**The task**
Word for word, copy the lines beginning at the one with "May include: White" and ending at the last line below; pictures stay out.

**Supplied material**
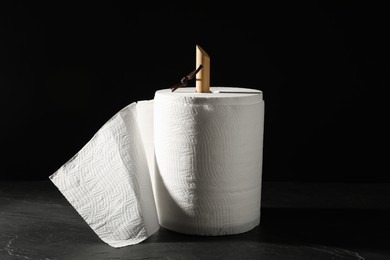 Photo of Holder with roll of white paper towels on grey table against black background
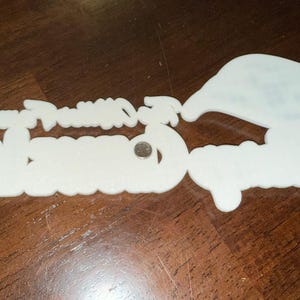 May include: White plastic ornament with the words "Happy Holidays" and "Greetings" in a festive font. The ornament has four silver metal fasteners.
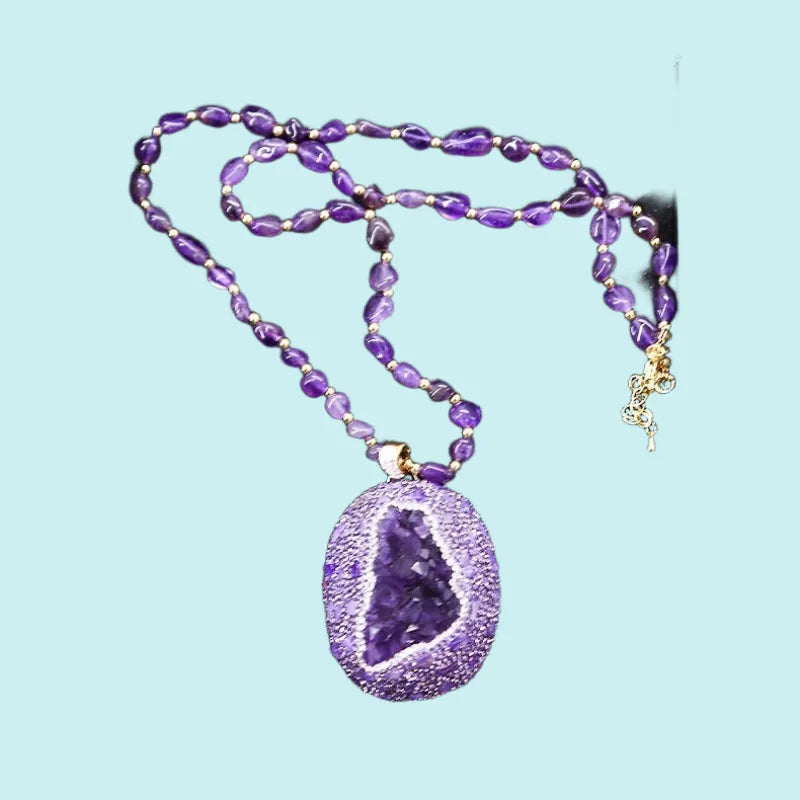 Amethyst jewelry set against natural stone background — crystal jewelry gift set for healing and wellness by Crystalvana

**Solved problem**
 May include: White plastic ornament with the words "Happy Holidays" and "Greetings" in a festive font. The ornament has four silver metal fasteners.
 Amethyst jewelry set against natural stone background — crystal jewelry gift set for healing and wellness by Crystalvana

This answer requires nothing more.